Segundo a subprocuradora, vários problemas que afetam o Subsistema de Saúde Indígena, do Sistema Único de Saúde (SUS), acabam por afetar o serviço prestado na maior parte das Casais. Um dos problemas específicos das Casais, na avaliação de Deborah, é a falta de profissionais aptos a lidar adequadamente com as diferenças culturais e a preparar os pacientes e seus acompanhantes a se readaptarem no retorno a suas aldeias, após longo período fora, para tratamento médico.

“Muitas vezes há dificuldade para permanecer fora das aldeias pelo tempo que alguns tratamentos exigem. Outras vezes, o difícil é se readaptar após tanto tempo longe”, disse Débora Duprat à Agência Brasil. Para amenizar esse problema, ela e outros participantes da audiência defenderam que antropólogos sejam contratados para as Casais. “Principalmente os pacientes vindos de povos com pouco contato com a cidade vivem um drama quando se encontram em ambiente que não conhecem, sem saber a extensão de suas doenças e do tratamento. Isso precisa ser traduzido para eles, e um antropólogo ajudaria nisso”, ressaltou.

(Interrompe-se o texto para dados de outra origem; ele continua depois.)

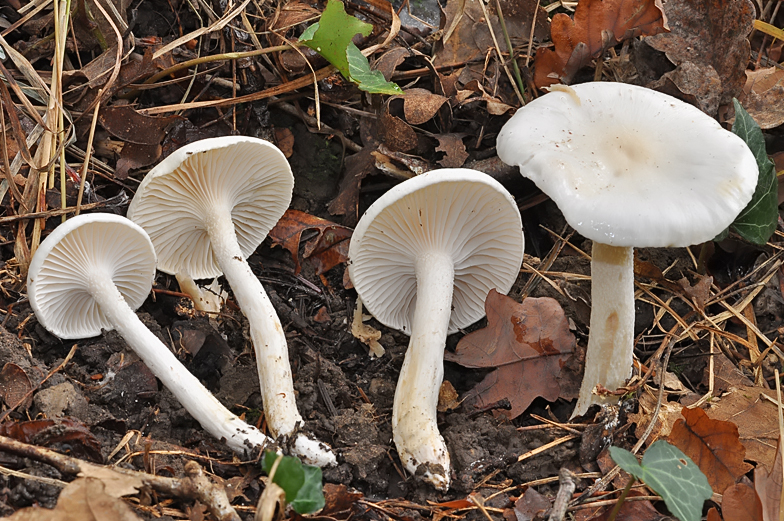 Hygrophorus eburneus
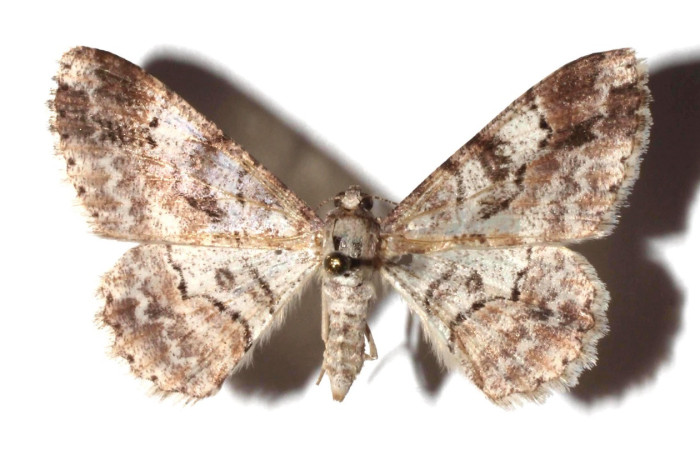 Figura 14. Adulto de <i>Iridopsis</i> herseDHJ04 (Geometridae), vista dorsal, localidad Quebradona Estación Biológica Quica Sector Pitilla, Area de Conservación Guanacaste (ACG) (475m). Voucher: 17-SRNP-71482-DHJ931576.jpg.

Apesar dos esforços, nos últimos anos, para melhorar o atendimento, Débora destaca que o Subsistema de Atenção à Saúde Indígena (Sasi) ainda apresenta muitos e graves problemas, como uma “estrutura física bastante precária”. A subprocuradora mencionou que o auxílio oferecido por postos de saúde e polos-base ainda é insuficiente, e adianta que, por falta de conhecimento a respeito das doenças mais frequentes em cada localidade, há denúncias de que medicamentos se perdem por não serem usados no prazo de validade.

“Além disso, o foco maior está na medicamentação e no tratamento da doença, e não na prevenção. O atendimento não chega, por exemplo, às comunidades que vivem em acampamentos ou ocupações, por não terem tido seu direito territorial reconhecido. Nem mesmo a alguns grupos que vivem em grandes cidades”, disse Deborah.

As Casais de todo o país estão subordinadas à Secretaria Especial de Saúde Indígena (Sesai), do Ministério da Saúde. Criada em outubro de 2010, a secretaria é responsável por coordenar a Política Nacional de Atenção à Saúde dos Povos Indígenas, e todo o processo de gestão do Sasi, no âmbito do SUS. Há poucos meses, o governo federal tornou pública a intenção de criar um novo órgão, o Instituto Nacional de Saúde Indígena, que assumiria parte das atuais atribuições da Sesai e seria regido pelo direito privado – o que, segundo o governo, agilizará procedimentos administrativos, como licitações e contratações. A proposta dividiu as opiniões entre indígenas e indigenistas.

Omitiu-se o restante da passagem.